OLYMPIA – In June 2018, the Thurston County Board of Health declared the opioid epidemic a public health crisis in Thurston County. Recently, the Thurston County Board of Health approved the Opioid Response Plan, resulting from 11 months of planning by 38 organizations and 91 individual participants, including criminal justice, local government, and non-profit representatives.
Board of Health Chair John Hutchings stated, “This is one of the greatest public health crises of our time and I’m proud that Thurston County is leading the way to take proactive steps to help those suffering with opioid addiction and stop this crisis in its tracks with the support of our task force and Thurston County’s new Opioid Coordinator.”
That plan identifies six goals and 25 response strategies.
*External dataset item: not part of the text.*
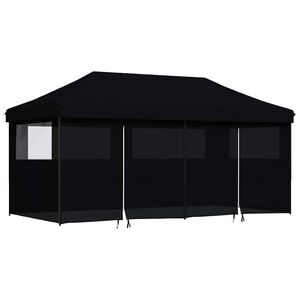 vidaXL Tenda p/ festas pop-up dobr&aacute;vel com 4 paredes laterais preto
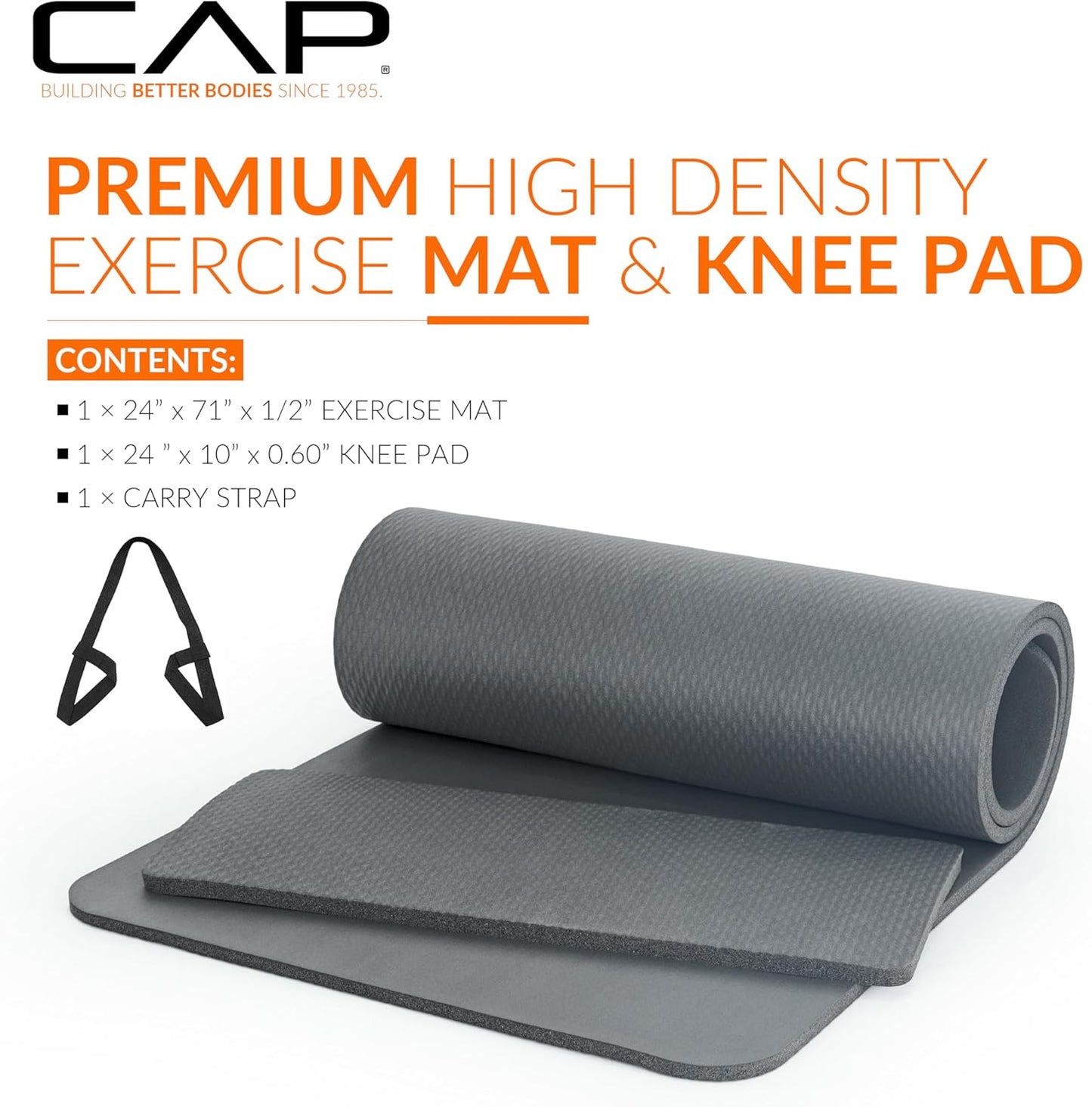 CAP Barbell Yogamatte mit hoher Dichte, 1,27 cm, mit Tragegurt | Mehrere Optionen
Those goals are:
- Prevent opioid misuse, abuse and dependency by improving prescribing practices.
- Treat opioid abuse and dependence through expanded access to treatment.
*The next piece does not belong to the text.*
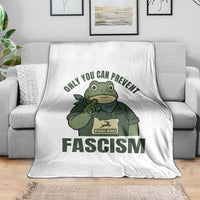 Only You Can Prevent Fascism Portland Frog Throw Blanket Resist Protest Forest Ranger - Wonder Print Shop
- Prevent deaths from overdose by working to educate and expand the distribution of naloxone to individuals who use drugs and educating individuals about the signs of an overdose.
- Use existing data and enhance data collection efforts to detect opioid and other illicit drug misuse/abuse and scientific evidence to inform the selection of strategies.
- Identify and implement innovative strategies that reduce the risk of overdose to individuals and diverse communities that are disproportionately impacted by the opioid epidemic, and reduce stigma.
- Reduce exposure and access to opioids among infants, children, youth and families.
“This crisis touches every single one of us,” said Schelli Slaughter, Thurston County Public Health and Social Services Director and Co-Chair of the Opioid Response Task Force. “I’m very grateful for all the members of our community that worked so tirelessly to develop this plan. Together, we can save lives and hopefully end this epidemic in Thurston County.”
Jon Tunheim, Thurston County Prosecutor and Co-Chair of the Opioid Response Task Force added, “This plan offers an innovative and responsive way forward. Criminal justice, Public Health, Healthcare organizations, and social service providers must work together to find a solution by collaborating, sharing data, and keeping opioids out of our cupboard, off our streets, and out of the hands of our youth.”